The two-day workshop hosted by the Eco-Industrial Development Company of Tobago (E-IDCOT) Ltd and Nerds International Young Innovators, whose director Joseph Frederick, co-ordinated the project.
Joseph said the aim of the workshop was to encourage young persons to participate in technology and its uses, not necessarily as a consumer but as a producer.
“We have recognised that over the years there has been a shift and there continues to be a shift in terms of jobs that are available to young persons graduating from universities and secondary schools,” he said.
“The data seems to suggest that a lot of the jobs would become available in the field of technology. What we are attempting to do in the Tobago space, is that we are attempting to excite our young people to recognise the opportunities that are available, the opportunities that presented itself to Sekani Solomon and Dylan Angus… we are hoping that by doing this we would assist the young people in prepping themselves for the future,” he said.
Solomon, who worked as motion graphic designer from Marvel’s blockbuster movie, Black Panther, facilitated the first day of the workshop.

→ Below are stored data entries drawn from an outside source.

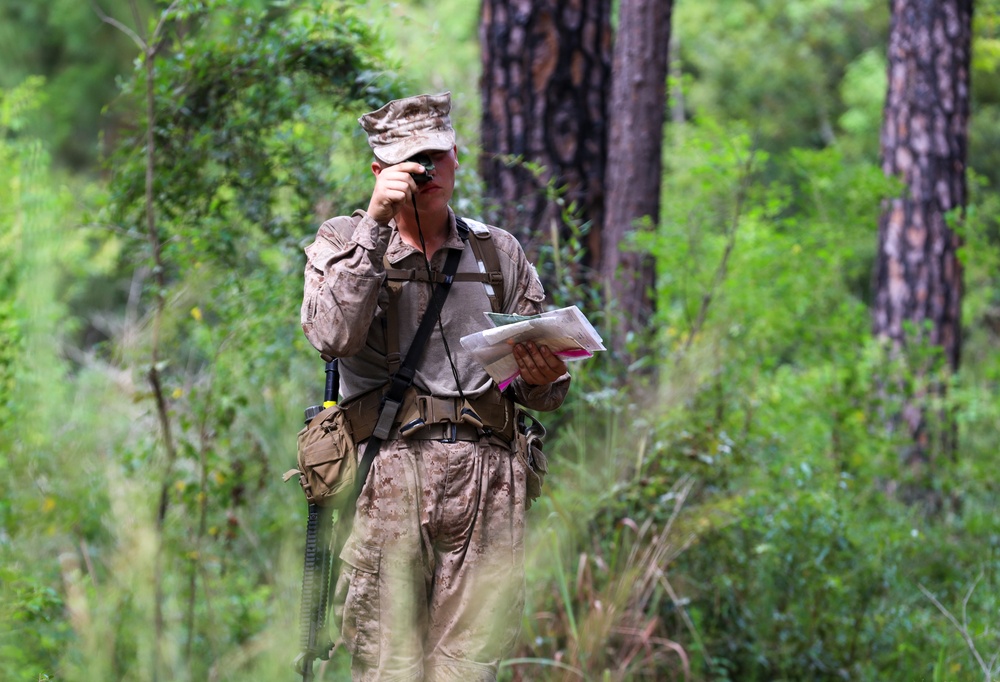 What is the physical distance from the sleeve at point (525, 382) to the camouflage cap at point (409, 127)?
1.77 feet

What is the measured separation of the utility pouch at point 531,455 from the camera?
341cm

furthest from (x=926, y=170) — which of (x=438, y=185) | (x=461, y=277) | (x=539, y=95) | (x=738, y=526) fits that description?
(x=438, y=185)

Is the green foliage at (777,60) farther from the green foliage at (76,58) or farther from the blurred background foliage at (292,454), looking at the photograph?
the blurred background foliage at (292,454)

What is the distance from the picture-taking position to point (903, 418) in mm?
7707

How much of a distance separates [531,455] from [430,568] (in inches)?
20.0

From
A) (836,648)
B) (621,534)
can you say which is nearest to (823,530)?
(836,648)

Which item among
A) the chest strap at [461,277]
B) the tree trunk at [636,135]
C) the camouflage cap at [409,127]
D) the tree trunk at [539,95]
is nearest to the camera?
the camouflage cap at [409,127]

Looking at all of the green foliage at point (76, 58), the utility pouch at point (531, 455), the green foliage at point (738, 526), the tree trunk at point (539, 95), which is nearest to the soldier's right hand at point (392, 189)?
the utility pouch at point (531, 455)

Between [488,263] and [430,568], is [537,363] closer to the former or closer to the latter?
[488,263]

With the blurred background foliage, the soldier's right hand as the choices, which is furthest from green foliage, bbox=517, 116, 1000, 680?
the soldier's right hand

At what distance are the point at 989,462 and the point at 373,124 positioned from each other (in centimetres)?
539

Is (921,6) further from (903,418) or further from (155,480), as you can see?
(155,480)

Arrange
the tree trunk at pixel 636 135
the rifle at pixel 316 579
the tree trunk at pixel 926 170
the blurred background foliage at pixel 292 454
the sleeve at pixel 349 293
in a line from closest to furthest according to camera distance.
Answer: the sleeve at pixel 349 293
the rifle at pixel 316 579
the blurred background foliage at pixel 292 454
the tree trunk at pixel 636 135
the tree trunk at pixel 926 170

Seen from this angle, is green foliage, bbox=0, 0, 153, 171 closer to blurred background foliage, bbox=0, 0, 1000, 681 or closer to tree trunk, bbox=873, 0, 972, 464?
blurred background foliage, bbox=0, 0, 1000, 681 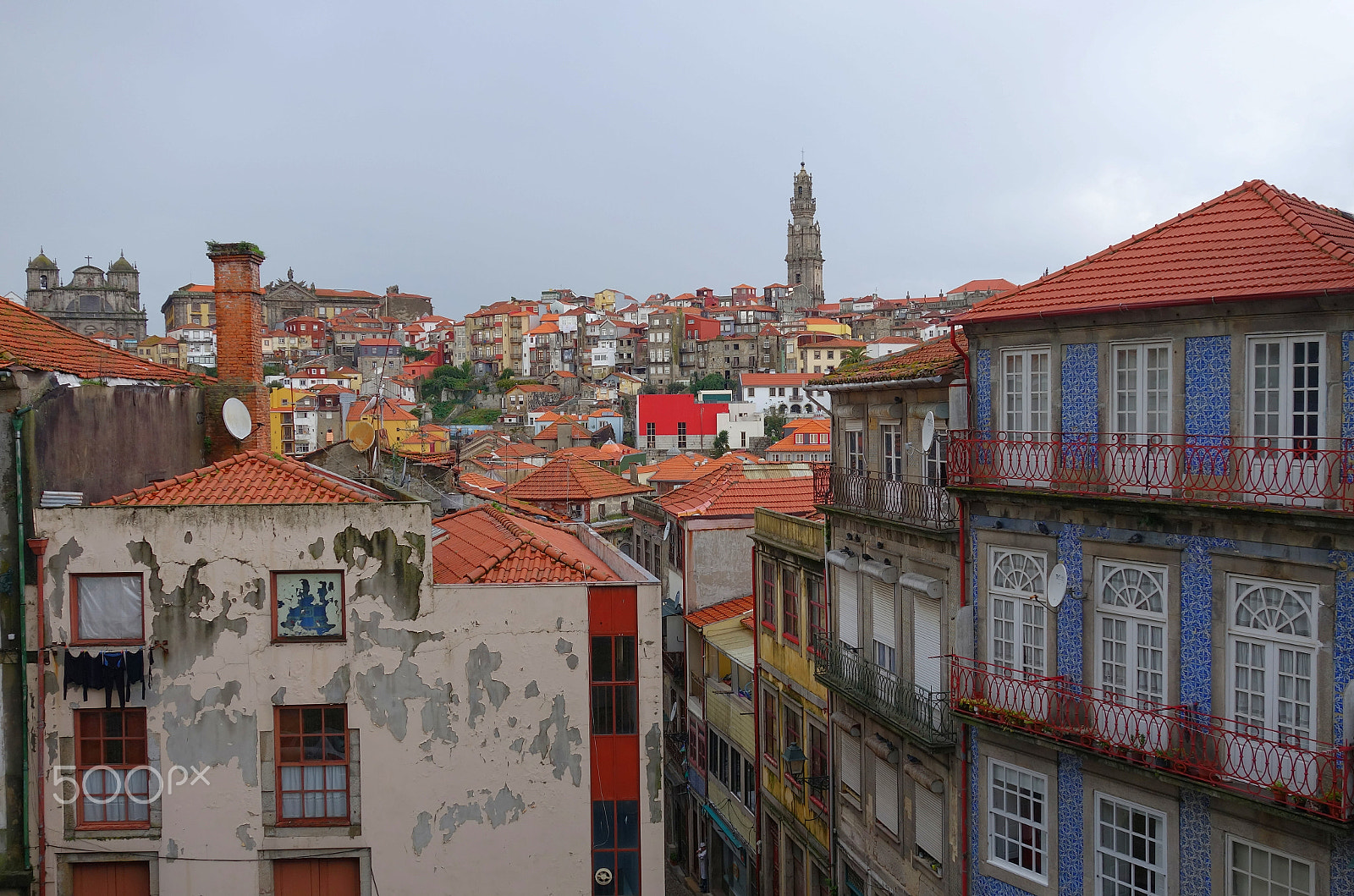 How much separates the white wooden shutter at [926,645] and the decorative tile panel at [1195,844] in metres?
4.07

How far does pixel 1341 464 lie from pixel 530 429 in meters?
96.2

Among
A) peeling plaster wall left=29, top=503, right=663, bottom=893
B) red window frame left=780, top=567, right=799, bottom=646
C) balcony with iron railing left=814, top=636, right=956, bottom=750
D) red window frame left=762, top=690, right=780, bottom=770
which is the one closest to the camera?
peeling plaster wall left=29, top=503, right=663, bottom=893

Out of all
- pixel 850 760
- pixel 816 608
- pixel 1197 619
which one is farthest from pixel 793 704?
pixel 1197 619

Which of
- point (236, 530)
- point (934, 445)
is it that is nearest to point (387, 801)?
point (236, 530)

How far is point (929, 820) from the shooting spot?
16.4 metres

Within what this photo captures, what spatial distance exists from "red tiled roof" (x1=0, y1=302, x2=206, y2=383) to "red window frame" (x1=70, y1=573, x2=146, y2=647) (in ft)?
9.56

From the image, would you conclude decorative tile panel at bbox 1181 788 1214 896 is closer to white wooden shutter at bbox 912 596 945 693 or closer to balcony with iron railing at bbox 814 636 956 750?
balcony with iron railing at bbox 814 636 956 750

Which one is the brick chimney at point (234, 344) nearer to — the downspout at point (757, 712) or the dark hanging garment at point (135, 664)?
the dark hanging garment at point (135, 664)

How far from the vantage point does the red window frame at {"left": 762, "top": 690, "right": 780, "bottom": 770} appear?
22.8 m

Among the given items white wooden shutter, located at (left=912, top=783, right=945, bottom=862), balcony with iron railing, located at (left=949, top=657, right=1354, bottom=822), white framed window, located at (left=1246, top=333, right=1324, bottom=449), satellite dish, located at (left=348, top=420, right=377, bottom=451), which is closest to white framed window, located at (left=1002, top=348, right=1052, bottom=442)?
white framed window, located at (left=1246, top=333, right=1324, bottom=449)

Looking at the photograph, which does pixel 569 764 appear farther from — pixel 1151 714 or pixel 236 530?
pixel 1151 714

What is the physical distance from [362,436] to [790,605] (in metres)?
10.5

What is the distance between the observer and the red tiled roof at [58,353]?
1413 cm

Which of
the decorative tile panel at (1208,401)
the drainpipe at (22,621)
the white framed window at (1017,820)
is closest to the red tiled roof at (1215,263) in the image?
the decorative tile panel at (1208,401) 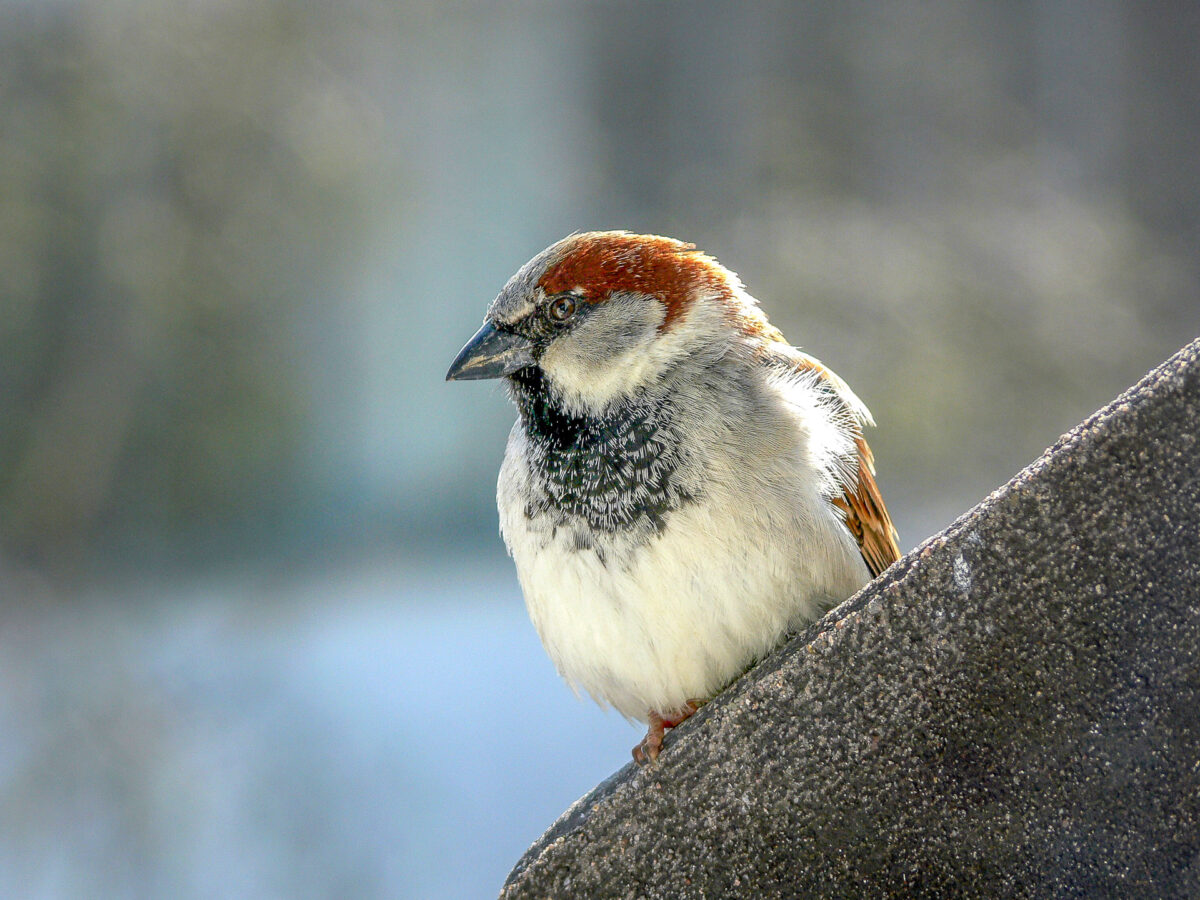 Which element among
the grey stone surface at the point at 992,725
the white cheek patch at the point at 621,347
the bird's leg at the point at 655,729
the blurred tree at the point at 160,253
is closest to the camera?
the grey stone surface at the point at 992,725

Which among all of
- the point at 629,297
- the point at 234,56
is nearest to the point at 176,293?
the point at 234,56

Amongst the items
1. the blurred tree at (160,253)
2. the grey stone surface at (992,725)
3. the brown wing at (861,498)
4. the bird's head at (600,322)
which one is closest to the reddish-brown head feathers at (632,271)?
the bird's head at (600,322)

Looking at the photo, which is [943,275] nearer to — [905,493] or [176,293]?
[905,493]

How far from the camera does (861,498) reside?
953 millimetres

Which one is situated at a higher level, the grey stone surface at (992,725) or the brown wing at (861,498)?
the brown wing at (861,498)

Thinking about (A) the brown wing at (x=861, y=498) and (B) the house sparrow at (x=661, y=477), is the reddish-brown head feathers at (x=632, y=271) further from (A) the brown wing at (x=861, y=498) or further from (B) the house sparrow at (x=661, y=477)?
(A) the brown wing at (x=861, y=498)

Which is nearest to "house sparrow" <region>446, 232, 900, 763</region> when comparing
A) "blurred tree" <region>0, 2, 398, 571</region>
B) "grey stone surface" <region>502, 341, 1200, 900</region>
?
"grey stone surface" <region>502, 341, 1200, 900</region>

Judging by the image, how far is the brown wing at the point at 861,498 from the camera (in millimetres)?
927

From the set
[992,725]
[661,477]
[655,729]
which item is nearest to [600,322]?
[661,477]

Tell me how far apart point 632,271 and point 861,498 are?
27 cm

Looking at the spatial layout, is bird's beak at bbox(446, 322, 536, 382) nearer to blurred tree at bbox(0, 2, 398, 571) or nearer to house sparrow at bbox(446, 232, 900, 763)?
house sparrow at bbox(446, 232, 900, 763)

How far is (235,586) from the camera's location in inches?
101

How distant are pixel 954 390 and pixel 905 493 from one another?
366 millimetres

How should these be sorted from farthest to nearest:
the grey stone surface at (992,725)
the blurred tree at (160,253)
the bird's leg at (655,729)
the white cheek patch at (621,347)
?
the blurred tree at (160,253) < the white cheek patch at (621,347) < the bird's leg at (655,729) < the grey stone surface at (992,725)
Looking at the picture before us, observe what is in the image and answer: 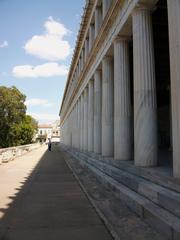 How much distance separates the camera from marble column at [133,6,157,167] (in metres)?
8.98

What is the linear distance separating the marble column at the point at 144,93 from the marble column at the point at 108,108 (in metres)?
5.48

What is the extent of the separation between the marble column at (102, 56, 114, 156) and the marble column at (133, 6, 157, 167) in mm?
5475

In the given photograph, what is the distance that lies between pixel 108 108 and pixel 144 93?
5.91 meters

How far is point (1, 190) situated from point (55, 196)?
2.57 m

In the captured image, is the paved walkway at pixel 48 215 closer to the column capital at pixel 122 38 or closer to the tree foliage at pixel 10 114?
the column capital at pixel 122 38

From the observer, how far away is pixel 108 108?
14945 millimetres

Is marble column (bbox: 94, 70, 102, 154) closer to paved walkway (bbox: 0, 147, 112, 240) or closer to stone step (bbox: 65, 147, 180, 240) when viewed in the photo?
paved walkway (bbox: 0, 147, 112, 240)

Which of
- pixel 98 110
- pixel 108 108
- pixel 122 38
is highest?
pixel 122 38

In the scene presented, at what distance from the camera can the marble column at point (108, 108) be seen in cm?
1485

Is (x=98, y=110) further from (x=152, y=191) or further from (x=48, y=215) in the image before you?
(x=152, y=191)

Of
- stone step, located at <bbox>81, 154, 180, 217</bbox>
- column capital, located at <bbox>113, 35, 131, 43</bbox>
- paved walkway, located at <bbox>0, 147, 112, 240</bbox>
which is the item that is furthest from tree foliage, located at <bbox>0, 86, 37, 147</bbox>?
stone step, located at <bbox>81, 154, 180, 217</bbox>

On the second day of the workshop, Angus, a student at the University of Edinburgh, Scotland, who is studying Artificial Intelligence and Mathematics, explained Artificial Intelligence as “designed to make mundane tasks easier.”
“Artificial Intelligence is an area of Computer Science that emphasises the creation of intelligent machines that work and react like humans… only if they have abundant information relating to the world.
“Artificial intelligence must have access to objects, categories, properties and relations between all of them to implement knowledge engineering. Initiating common sense, reasoning and problem-solving power in machines is a difficult and tedious task,” he said.
Angus took the students through some aspects of AI such as speech recognition, learning, planning and problem solving.
Shanika Adams, one of two team leaders at the two-day workshop, said the hope was that “students learn that times are changing, and technology is becoming very prevalent in the society.
“The world we knew yesterday is not the same as today and no matter what career you want to undertake, you need to understand that technology is needed,” she said.
Another team leader, Rahsaan Wilkinson, welcomed the participation of several females in the workshop.
“It is good to see so many females in this camp because usually the field of technology and Artificial Intelligence is something that more the males gravitate towards,” he said.